* [Task requirements]:
In the data below, repeat the line containing "Altaya 1/43 Scale" and every following line exactly, up to and including the last line. Exclude pictures.

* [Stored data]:

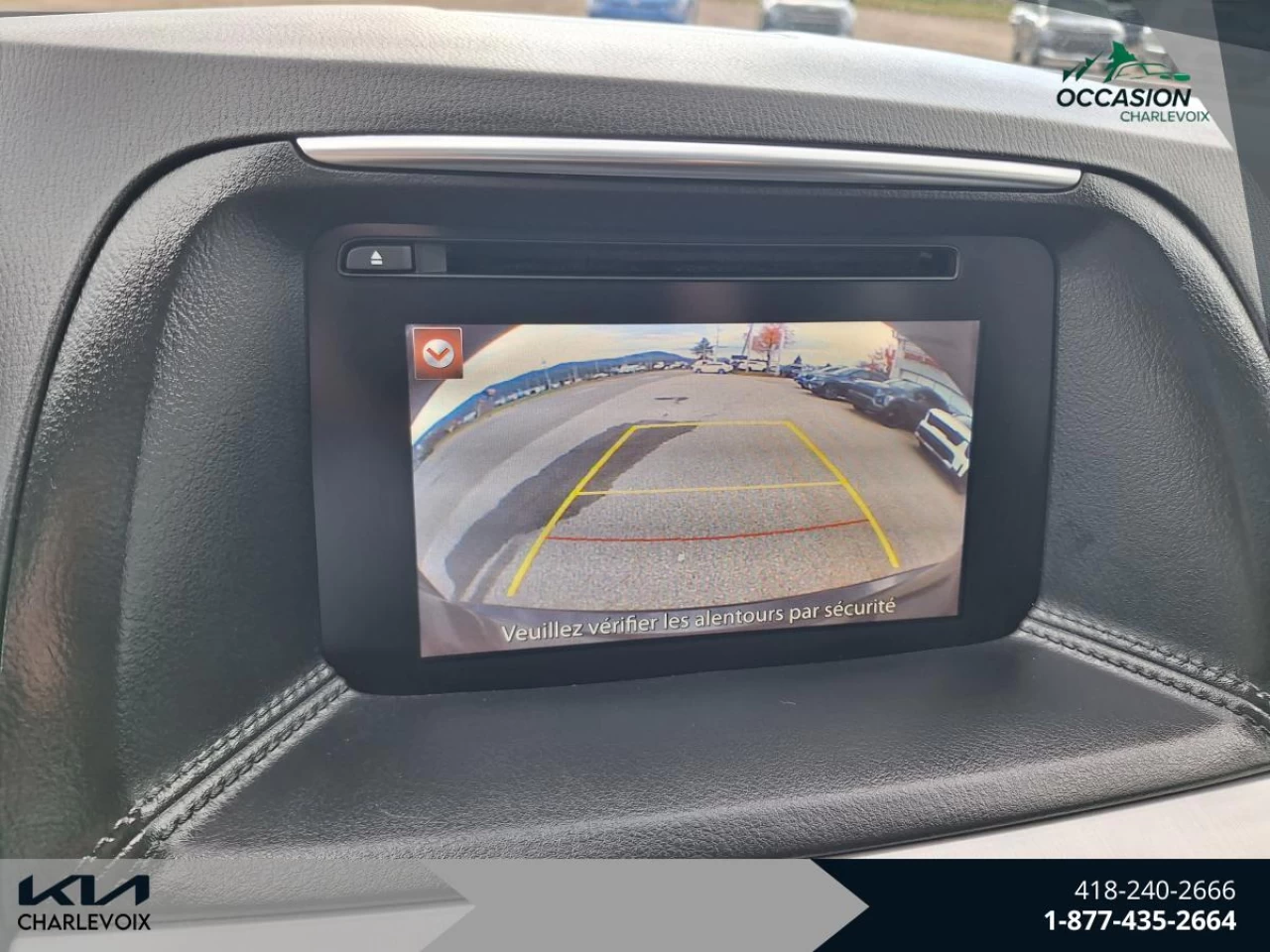 2016 Mazda CX-5 AWD 4dr Auto GS Main Image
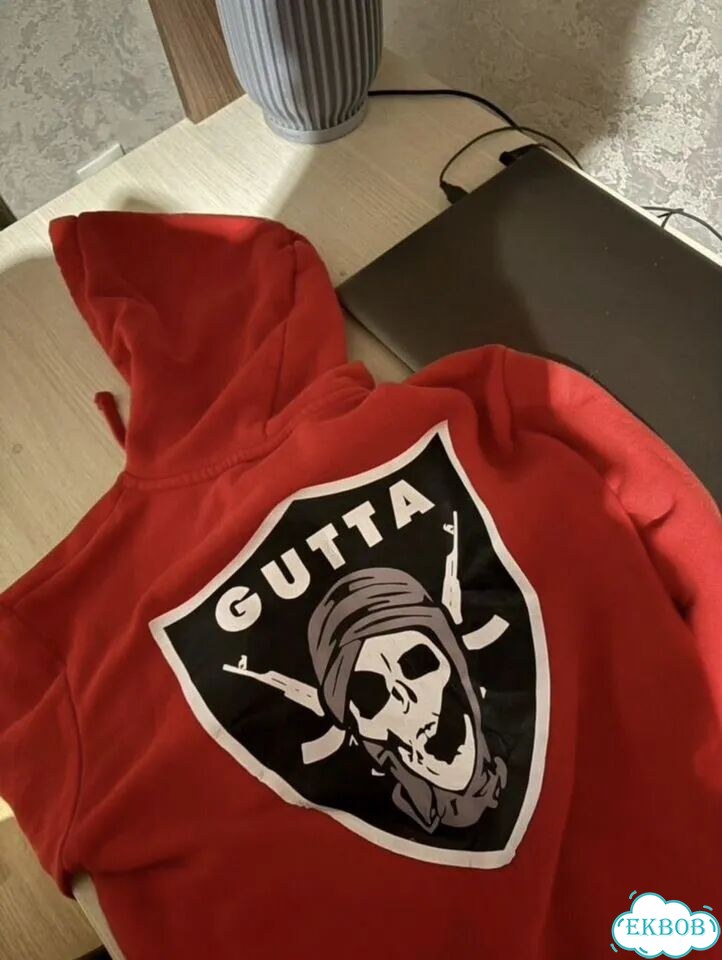 Худи gutta raiders фото 1
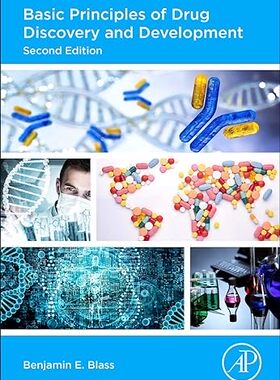 【3-6周达】英文原版 Basic Principles of Drug Discovery and Development 9780128172148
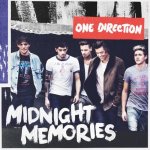 One Direction - Midnight memories CD – Hledejceny.cz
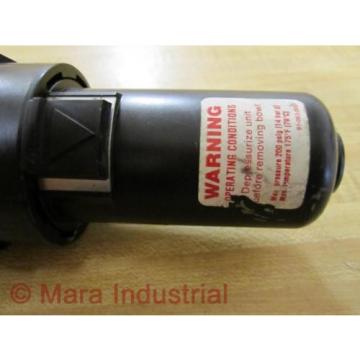 Rexroth Bosch Group 9 821 233 101 Valve 065 1/4&#034; - Used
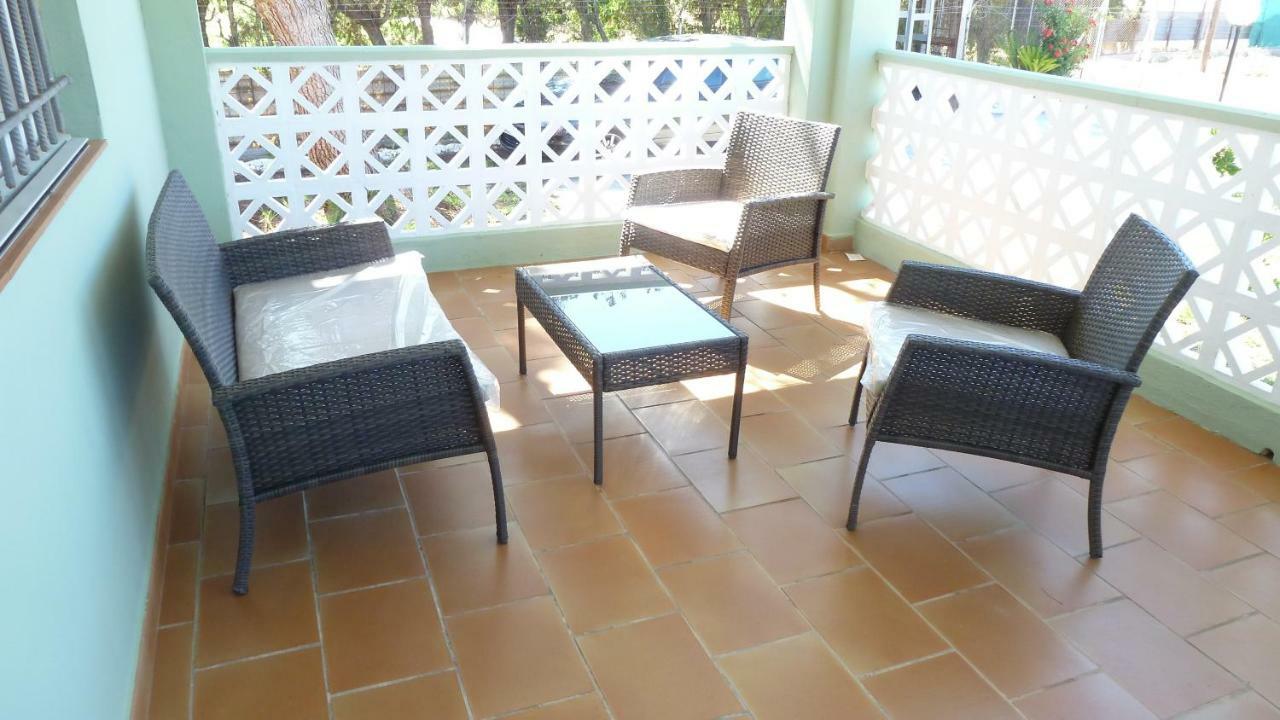 Chalet Verde تافيرنيس دي فالدينيا المظهر الخارجي الصورة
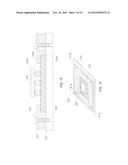 METHOD OF JOINING A CHIP ON A SUBSTRATE diagram and image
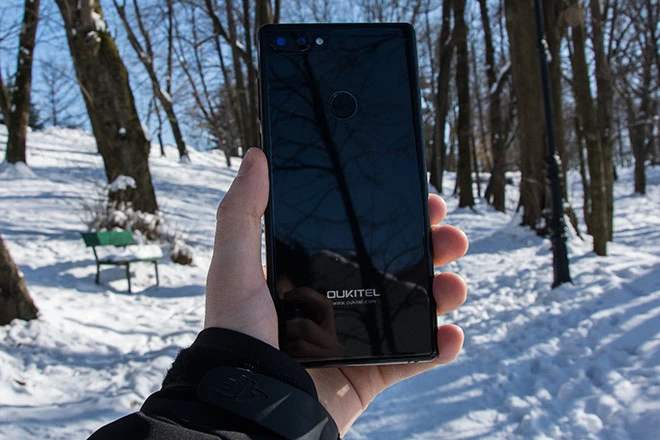 Oukitel Mix2 13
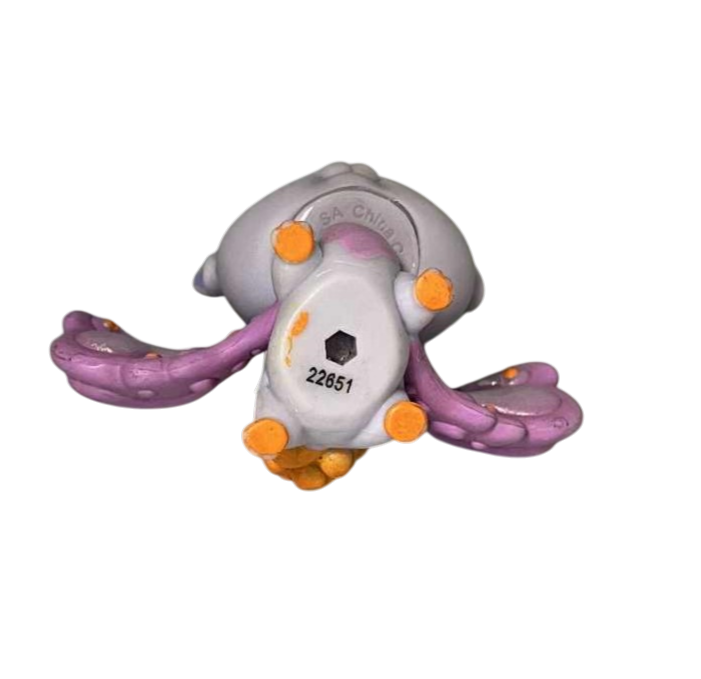 2011 Hasbro LPS Littlest Pet Shop Shimmering Sky Morning Haze Fairy #2710 image 3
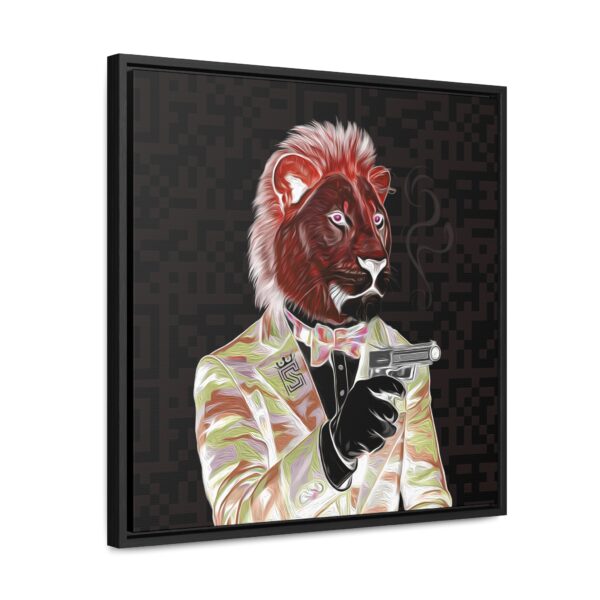 Framed Canvas Print - Image 18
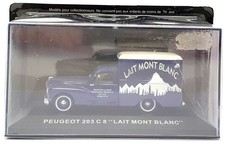Altaya 1/43 Scale LMB02 -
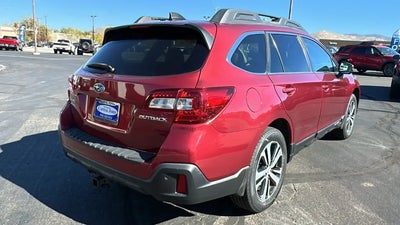 2019 Subaru Outback AWD 2.5I Limited 4DR Crossover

* [Output of the task]:
Altaya 1/43 Scale LMB02 -
 2019 Subaru Outback AWD 2.5I Limited 4DR Crossover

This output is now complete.